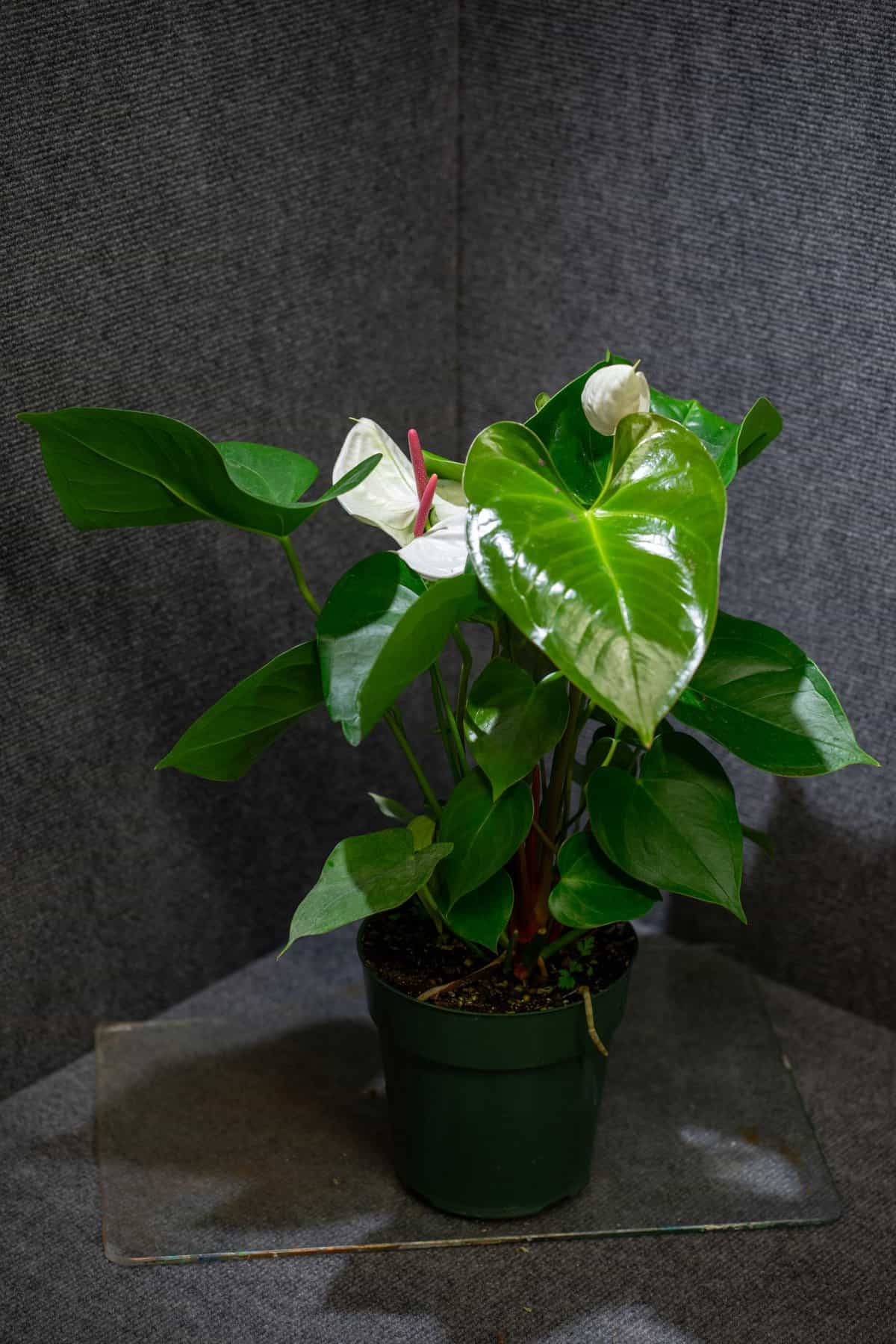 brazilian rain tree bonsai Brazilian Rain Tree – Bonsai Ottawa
...
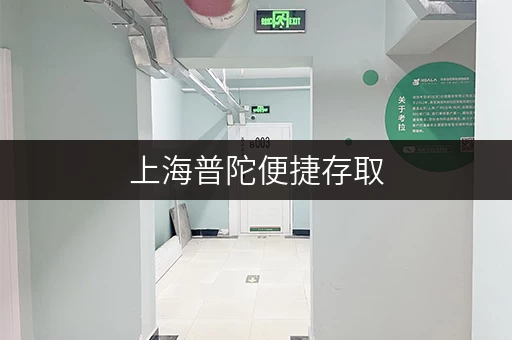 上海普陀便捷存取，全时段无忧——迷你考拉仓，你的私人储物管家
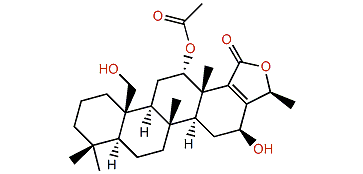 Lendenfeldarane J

§ **WHAT NEEDS TO BE DONE**:
Write out word for word the lines above that run from the one with "上海普陀便捷存取，全时段无忧——迷你考拉仓，你的私人储物管家" to the one with "Lendenfeldarane J". Include both end lines; exclude the images.

§ **RESPONSE BOX**:
 上海普陀便捷存取，全时段无忧——迷你考拉仓，你的私人储物管家
 Lendenfeldarane J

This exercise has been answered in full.